WHAT IS BEING ASKED:
Task for the records below: please retype exactly and only the lines from the first through the one with "Image of Incontinence", with every picture omitted.

EXCERPTED RECORDS:
━━━━━━━━━━

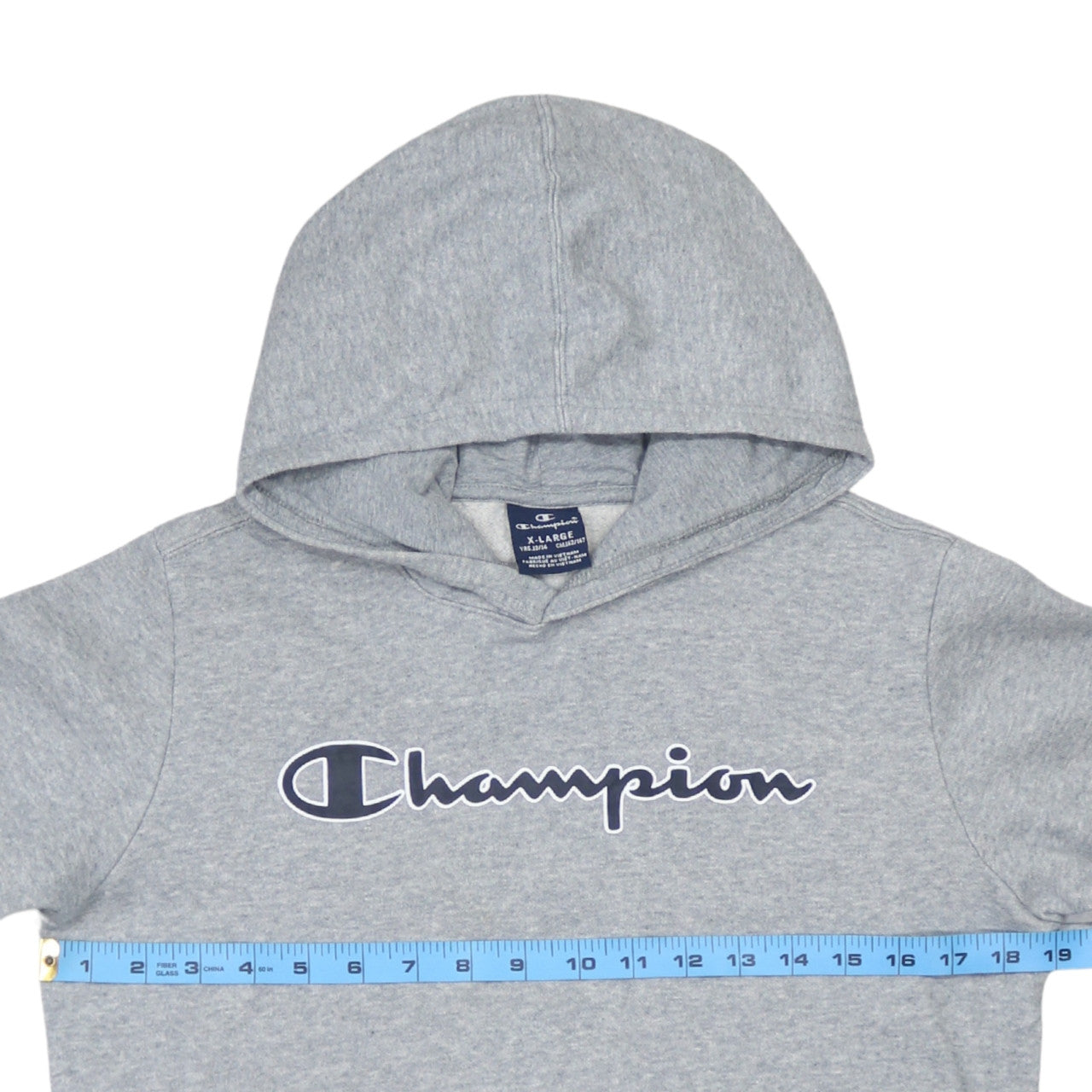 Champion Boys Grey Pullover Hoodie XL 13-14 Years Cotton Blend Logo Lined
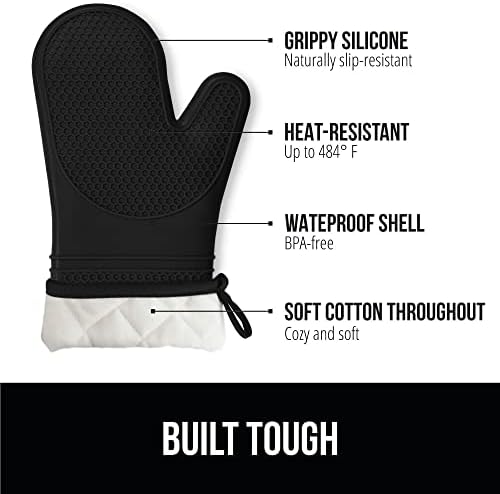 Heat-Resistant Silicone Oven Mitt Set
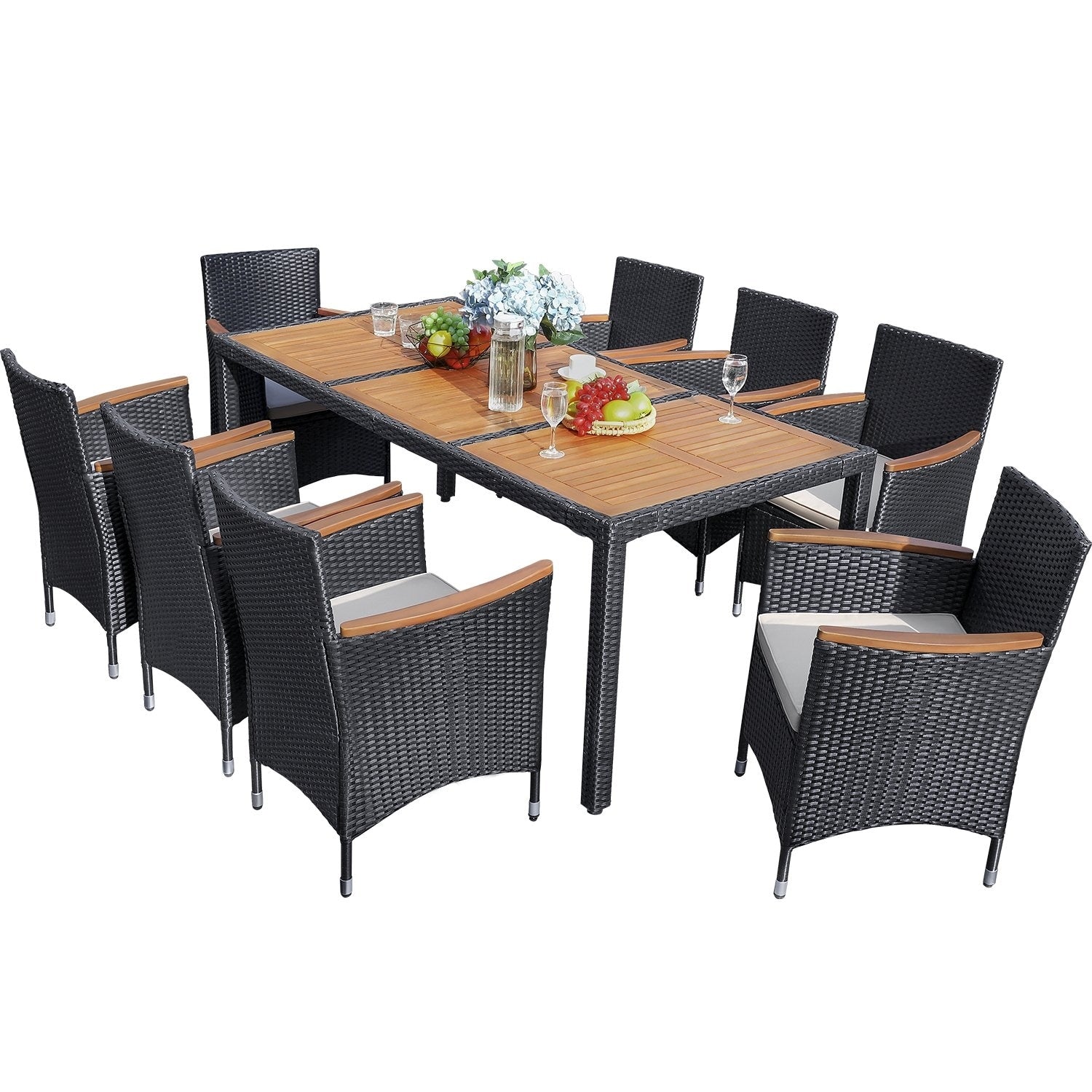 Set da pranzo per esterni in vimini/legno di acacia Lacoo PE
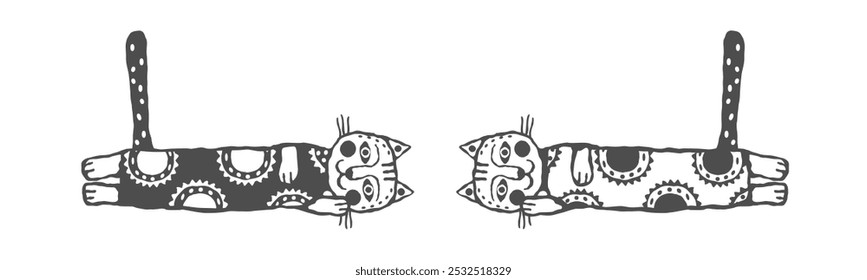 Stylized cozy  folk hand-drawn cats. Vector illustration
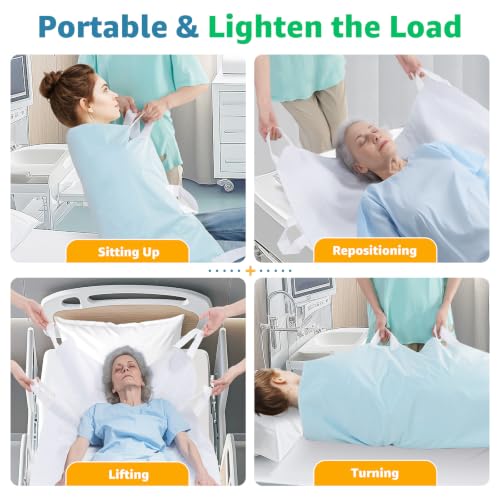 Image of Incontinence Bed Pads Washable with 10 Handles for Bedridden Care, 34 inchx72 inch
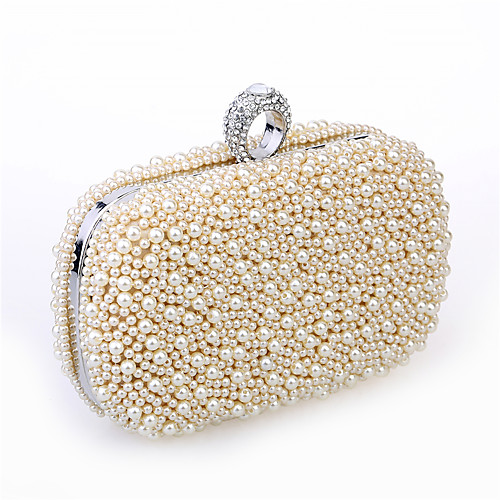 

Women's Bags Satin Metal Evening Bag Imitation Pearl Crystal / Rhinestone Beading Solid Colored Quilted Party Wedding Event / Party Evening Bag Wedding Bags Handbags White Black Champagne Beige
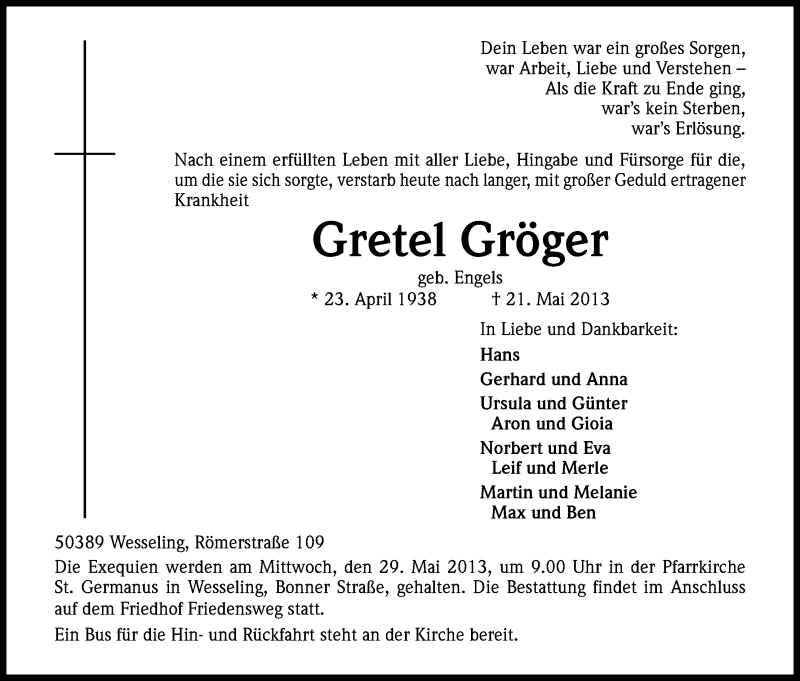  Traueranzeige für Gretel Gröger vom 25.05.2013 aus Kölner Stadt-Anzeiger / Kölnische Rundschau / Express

━━━━━━━━━━

EXERCISE SOLUTION:
 Champion Boys Grey Pullover Hoodie XL 13-14 Years Cotton Blend Logo Lined
 Heat-Resistant Silicone Oven Mitt Set
 Set da pranzo per esterni in vimini/legno di acacia Lacoo PE
 Stylized cozy  folk hand-drawn cats. Vector illustration
 Image of Incontinence Bed Pads Washable with 10 Handles for Bedridden Care, 34 inchx72 inch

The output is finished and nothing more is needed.